The clause gives the commissioner the power to issue an enforcement notice, which requires a person to take steps or refrain from taking steps specified in the notice. For example, the commissioner can use an enforcement notice to compel a data controller to give effect to a data subject if they have otherwise failed to do so. Section 40 of the Data Protection Act 1998 made similar provision. In respect of the hon. Lady’s questions concerning the law enforcement aspects of the clause and the need for impact assessments, and the powers that the ICO might need to ensure that those impact assessments are done and are appropriate, I will have to write to her on the details of those latter points.
Question put and agreed to.
Clause 148 accordingly ordered to stand part of the Bill.
Clause 149
Enforcement notices: supplementary
Amendment made: 56, in clause 149, page 83, line 36, leave out “with the day on which” and insert “when”.—(Margot James.)
This amendment is consequential on Amendment 71.
Clause 149, as amended, ordered to stand part of the Bill.
Clause 150
Enforcement notices: rectification and erasure of personal data etc
Question proposed, That the clause stand part of the Bill.
As part of the Information Commissioner’s suite of corrective powers, she can issue penalty notices to data controllers requiring them to pay a fine. Fines can be issued where a controller has failed to comply with a previous notice or where significant breaches of data protection legislation have taken place.

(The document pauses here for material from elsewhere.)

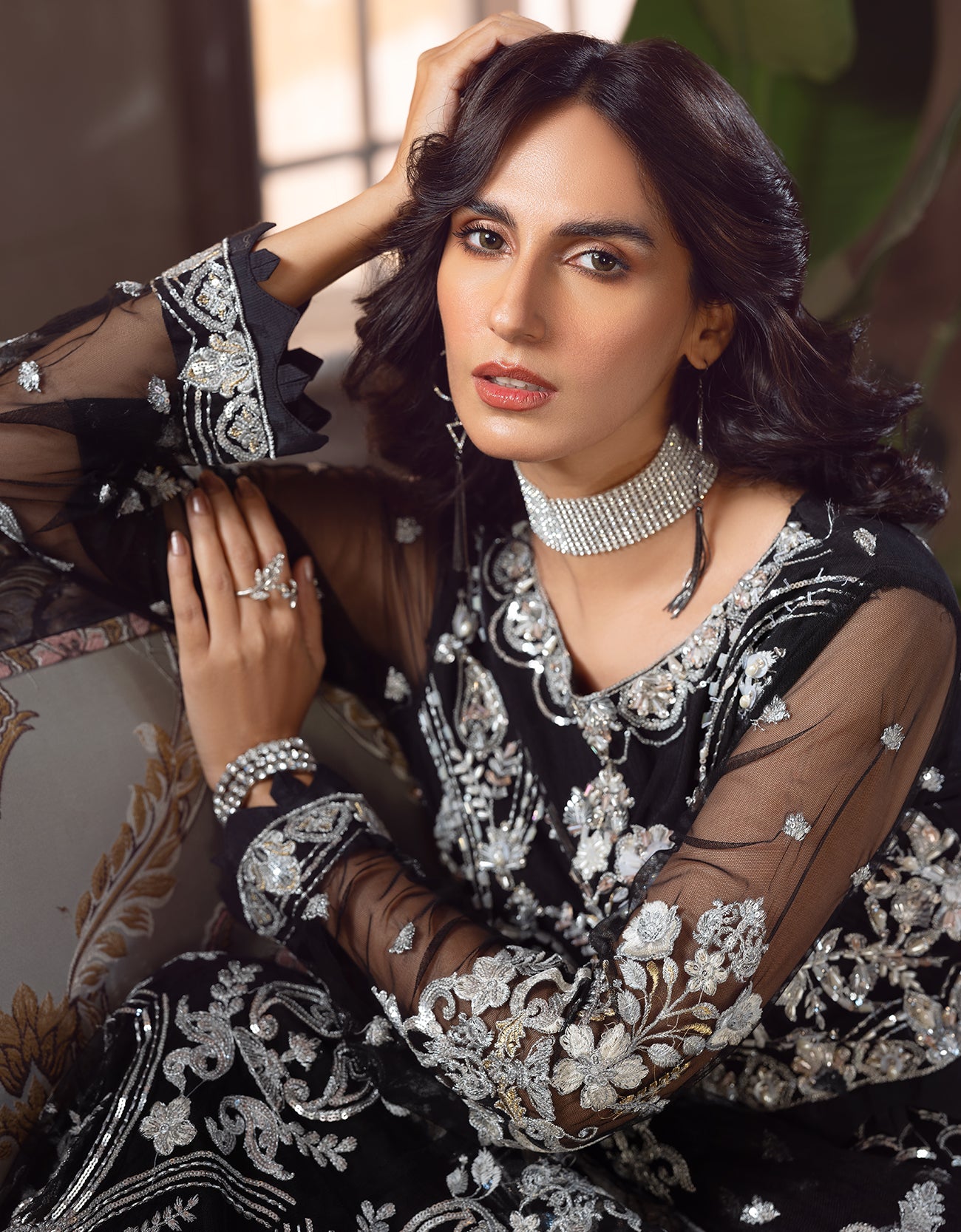 eid suits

Members will be aware from our debate this afternoon that the maximum such penalty will increase from £0.5 million to £17 million, or 4% of global turnover, for the most serious breaches.
When imposing a penalty for breaches of the GDPR, the commissioner must follow the procedures set out in article 83 of the GDPR, which include acting on a case-by-case basis; ensuring that the fine is effective, proportionate and dissuasive; and taking into account various factors. Because law enforcement and intelligence services processing falls outside the scope of the GDPR, the clause makes parallel provision in respect of breaches of those parts of the Bill, including by listing matters that the commissioner must take into account when deciding whether to issue a fine for that type of processing and when determining the magnitude of that fine.

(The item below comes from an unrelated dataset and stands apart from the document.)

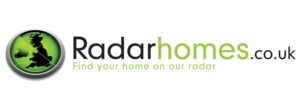 radarhomes.co.uk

Government amendments 179 and 180 make it clear that, when considering a person’s failure to comply with notices—an information notice, for example—the commissioner is to have regard to the matters listed in article 83(2) of the GDPR and, in relation to law enforcement processing and intelligence processing, to clause 154(3) and (4) of the Bill. Clause 154 prescribes such requirements only for decisions regarding the issuing of a monetary penalty notice in relation to certain failings. The commissioner has powers to prepare guidance on how she uses her enforcement powers, so she could decide, as a matter of policy, to have regard to those matters in relation to other failings. However, the Government’s view is that there should be a requirement for her to do so in the Bill.

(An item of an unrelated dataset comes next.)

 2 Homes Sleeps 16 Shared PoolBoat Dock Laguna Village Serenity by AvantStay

Government amendment 57 makes an addition to clause 154(3)(c) to ensure that the Information Commissioner takes into account any actions the controller has taken to mitigate not only damages, but distress suffered by the data subject. The amendment will bring the clause into line with other similar clauses in the Bill, where the Information Commissioner must take into account damage or distress caused. They include clause 149 regarding enforcement notices, where the Information Commissioner must take into account the magnitude of the damage or distress caused by the controller. I am sure right hon. and hon. Members will agree that providing consistency across the Bill is important; the amendment is a step to ensure that that is provided.
Amendment 179 agreed to.
Amendments made: 57, in clause 154, page 86, line 10, at end insert “or distress”.
This amendment is for consistency with Clause 149(2). It requires the Commissioner, when deciding whether to give a penalty notice to a person in respect of a failure to which the GDPR does not apply and when determining the amount of the penalty, to have regard to any action taken by the controller or processor to mitigate the distress suffered by data subjects as a result of the failure.
Amendment 180, in clause 154, page 86, line 28, at end insert—
“(3A) Subsections (2) and (3) do not apply in the case of a decision or determination relating to a failure described in section 148(5).” —(Margot James.)
See the explanatory statement for amendment 179.
Question proposed, That the clause, as amended, stand part of the Bill.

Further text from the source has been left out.